Task prompt: Would you return the listing that follows exactly, leaving its pictures behind?

Dataset content:
***
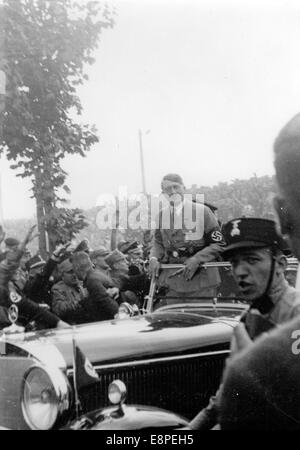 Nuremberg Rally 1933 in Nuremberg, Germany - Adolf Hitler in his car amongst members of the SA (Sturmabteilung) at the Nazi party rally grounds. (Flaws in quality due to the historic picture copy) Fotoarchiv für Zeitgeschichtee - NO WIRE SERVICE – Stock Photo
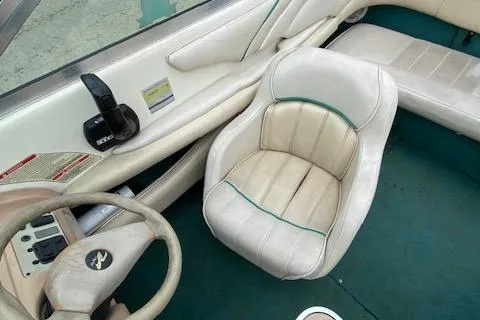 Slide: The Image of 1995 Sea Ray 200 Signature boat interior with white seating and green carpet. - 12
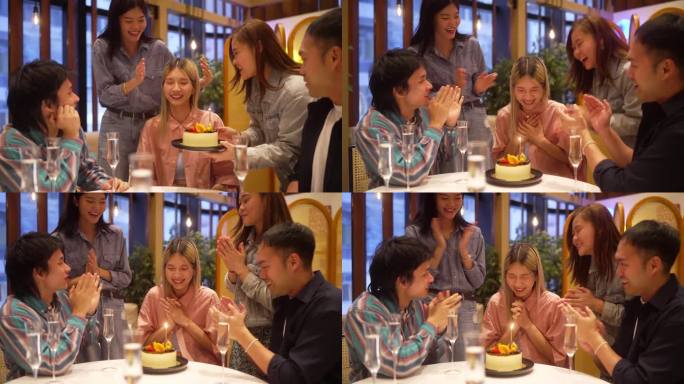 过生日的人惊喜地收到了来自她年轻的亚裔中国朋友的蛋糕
***
Solution to this problem:
 Nuremberg Rally 1933 in Nuremberg, Germany - Adolf Hitler in his car amongst members of the SA (Sturmabteilung) at the Nazi party rally grounds. (Flaws in quality due to the historic picture copy) Fotoarchiv für Zeitgeschichtee - NO WIRE SERVICE – Stock Photo
 Slide: The Image of 1995 Sea Ray 200 Signature boat interior with white seating and green carpet. - 12
 过生日的人惊喜地收到了来自她年轻的亚裔中国朋友的蛋糕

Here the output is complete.